The two new devices - a modulator and a tunable filter - are as energy-efficient as some of the best devices around, the researchers say, and were built using a standard IBM advanced Complementary Metal-Oxide Semiconductor (CMOS) process - the same chip-making process used to build many commercially available chips, some of which are found in Sony's Playstation 3 and also in Watson, the supercomputer that won Jeopardy! in 2011.
"As far as we know, we're the first ones to get silicon photonics natively integrated into an advanced CMOS process and to achieve energy efficiencies that are very competitive with electronics", stated Mark Wade of the University of Colorado, Boulder, who will present his team's work at OFC. Mark Wade's co-authors include researchers from the Massachusetts Institute of Technology and the University of California, Berkeley.
Moore's Law says that the number of transistors that can fit on a chip doubles every two years, resulting in the exponential rise in computing power we have seen over the last few decades. But even as transistors continue to shrink, Moore's Law may be reaching its limits, due to the fact that the devices are requiring more power to run, which leads to overheating.
Such thirst for power is especially problematic for the communication link between a computer's central processing unit and its memory.
"It's gotten to the point where it takes too much energy and that limits your computational power", Mark Wade stated.
A solution to this problem may lie in photonics, which researchers anticipate will be at least 10 times more energy efficient than electronics. Chip-to-chip communication links using these photonic devices could have at least 10 times higher bandwidth density, meaning they can transmit much more information using a smaller amount of space. That's because different optical signals can share the same optical wire, whereas sending multiple electrical signals either requires multiple electronic wires or schemes that require more chip space and energy.
But so far, Mark Wade explained, photonic devices used in chip-to-chip communication have been primarily custom-built using specialized methods, limiting their commercial applicability. And devices that have been created with more standardized techniques rely on older technology, which limits their ability to compete with cutting-edge electronics.
The ability to produce high-performing photonic devices using the CMOS process means chip designers will not have to be specialists to design photonic devices, Mark Wade explained, which will hopefully accelerate the commercialization of photonic technology.
"IBM's CMOS process has already been commercially proven to make high-quality microelectronics products", Mark Wade stated.

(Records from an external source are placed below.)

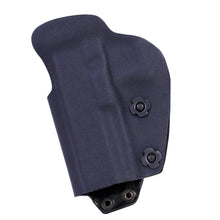 Load image into Gallery viewer, Iwb Tuckablekydexhlstr Glock 20 21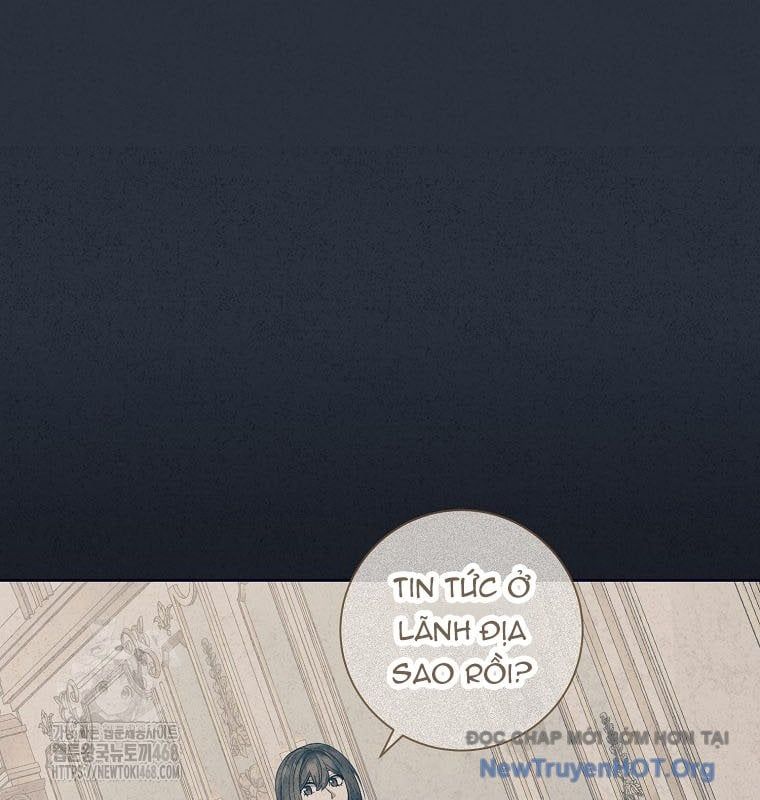 Ma Pháp Quân Chủ Chapter 24 - 34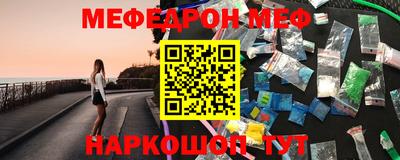 кокаин колумбия Дубна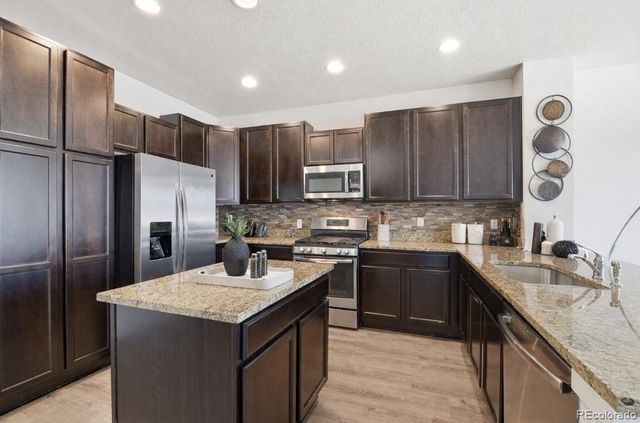 6783 Morrison Drive, Denver, CO 80221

The two devices built by the researchers are key components for the communication link between a computer's central processing unit and its memory. A modulator converts electrical signals into optical signals. A tunable filter can pick out light signals of particular frequencies, allowing it to select a signal from multiple frequencies, each of which carries data. Used in conjunction with a photodetector, the filter converts optical signals to electrical signals.
But according to Mark Wade, the significance of this advancement goes beyond this particular application.
"This is a really nice first step for silicon photonics to take over some areas of technology where electronics has really dominated and to start building complex electronic/photonic systems that require dense integration", Mark Wade stated.
The work was part of the U.S. Defense Advanced Research Projects Agency's Photonically Optimized Embedded Microprocessors (POEM) project.
Presentation Tu2E.7, titled "Energy-efficient active photonics in a zero-change, state-of-the-art CMOS process", will take place Tuesday, March 11 at 3:30 p.m. in room 123 of the Moscone Center.